Kebencian peradaban ini terhadap Hitler, yang tega memanggang jutaan manusia dalam kamar gas, tidak mungkin lebih tinggi terhadap kebencian pada Komunisme (yang menyebabkan jutaan orang tewas karena busung lapar di masa revolusi Mao), terhadap Hizbut Tahrir yang tidak pernah berkuasa di manapun, dan terhadap berbagai kelompok ideologis lainnya. Lalu bagaimana kamu memikirkan bapak bangsamu Bung Karno, yang mengagumi Hitler?
Saat ini kita diterpa semangat saling mengalahkan antara tuduhan Komunisme versus ISIS di Indonesia.
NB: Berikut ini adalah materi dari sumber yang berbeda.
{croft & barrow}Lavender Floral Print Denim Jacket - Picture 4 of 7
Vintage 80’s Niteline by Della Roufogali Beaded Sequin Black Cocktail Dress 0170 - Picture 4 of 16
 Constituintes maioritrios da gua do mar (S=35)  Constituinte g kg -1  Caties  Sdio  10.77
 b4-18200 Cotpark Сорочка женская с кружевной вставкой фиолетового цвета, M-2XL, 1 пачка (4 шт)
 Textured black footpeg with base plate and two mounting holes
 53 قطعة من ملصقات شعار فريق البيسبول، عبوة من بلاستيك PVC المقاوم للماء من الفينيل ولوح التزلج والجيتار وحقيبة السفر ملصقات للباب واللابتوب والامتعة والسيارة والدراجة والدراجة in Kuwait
Selama 32 Tahun orde baru berkuasa memang merancang jargon “Pembangunan Yes, Politik No!”. Dalam masa 32 tahun itu kesadaran politik rakyat disterilkan. Rakyat hanya boleh ikut organisasi pemuda ala Pemuda Pancasila, atau pengajian “surga-neraka”. Mahasiswa di doktriner Pancasila versi P4. Semua ini demi, khususnya, membangun imperium keluarga Cendana dan 300 Taipan Konglomerat, disamping tentu ada pembangunan infrastruktur dan sosial, dengan biaya mahal.
Dengan kesadaran politik dan literasi politik yang rendah, bangsa ini tentu tidak pernah faham tentang Pancasila yang dipikirkan founding fathers. Sesungguhnya sejak tahun 1959, belum ada pembahasan lagi soal Pancasila.
Maka, ketika benturan saling menjatuhkan antara Pancasila vs bukan Pancasila, sesungguhnya hanya benturan “keledai vs keledai dungu” saja.
Bagaimana doktor ilmu politik, yang puluhan tahun, misalnya, mendalami ilmu-ilmu impor barat di kampus, dengan rujukan John Lock, Hobbes, Weber, Marx, Adam Smith, David Ricardo, Karl Popper, Foucault, Derrida, Einstein dll menjadi rujukan “ahli Pancasila”? Bukankah rujukan ilmu standar barat merujuk pada nilai-nilai dan etik barat?
Bagaimana kita menilai tanpa standar menilai? Inilah pokok masalah bangsa kita. Apakah ini akan terus berlangsung? sampai kapan? Semua akan berhenti jika pembahasan Pancasila diulang kembali merujuk pada pandangan-pandangan pendiri bangsa kita, yang terhenti sejak 1959.